* WHAT YOU ARE ASKED TO DO:
Only the number is wanted: how many lines of these entries contain the word "Mini"?

★ ★ ★ ★

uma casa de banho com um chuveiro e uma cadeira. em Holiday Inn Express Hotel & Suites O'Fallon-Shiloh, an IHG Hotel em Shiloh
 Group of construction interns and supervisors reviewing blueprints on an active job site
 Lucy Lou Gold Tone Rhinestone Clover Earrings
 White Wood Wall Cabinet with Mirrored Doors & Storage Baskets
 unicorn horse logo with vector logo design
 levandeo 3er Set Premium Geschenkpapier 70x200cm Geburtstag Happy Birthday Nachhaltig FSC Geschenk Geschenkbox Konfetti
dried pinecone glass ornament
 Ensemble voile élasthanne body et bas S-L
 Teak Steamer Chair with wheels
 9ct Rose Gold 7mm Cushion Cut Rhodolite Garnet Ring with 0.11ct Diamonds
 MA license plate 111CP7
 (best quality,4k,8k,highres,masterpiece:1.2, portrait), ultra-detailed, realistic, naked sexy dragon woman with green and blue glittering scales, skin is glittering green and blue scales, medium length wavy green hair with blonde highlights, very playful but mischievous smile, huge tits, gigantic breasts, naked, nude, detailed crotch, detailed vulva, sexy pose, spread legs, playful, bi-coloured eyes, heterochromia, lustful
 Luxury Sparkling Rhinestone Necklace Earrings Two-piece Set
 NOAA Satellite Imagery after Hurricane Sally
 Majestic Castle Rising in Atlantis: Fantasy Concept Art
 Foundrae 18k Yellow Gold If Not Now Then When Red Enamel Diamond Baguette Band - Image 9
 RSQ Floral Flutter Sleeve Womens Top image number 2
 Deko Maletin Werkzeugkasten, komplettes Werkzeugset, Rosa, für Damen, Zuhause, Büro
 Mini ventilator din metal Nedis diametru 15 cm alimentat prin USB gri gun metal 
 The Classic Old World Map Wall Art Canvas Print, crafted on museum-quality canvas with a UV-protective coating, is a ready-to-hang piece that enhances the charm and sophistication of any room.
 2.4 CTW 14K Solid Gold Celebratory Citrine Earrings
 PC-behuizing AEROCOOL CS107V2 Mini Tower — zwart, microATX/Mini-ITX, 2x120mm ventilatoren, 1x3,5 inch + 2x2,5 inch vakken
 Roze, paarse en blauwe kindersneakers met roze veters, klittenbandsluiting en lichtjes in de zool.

★ ★ ★ ★

* RESPONSE TO THE EXERCISE:
2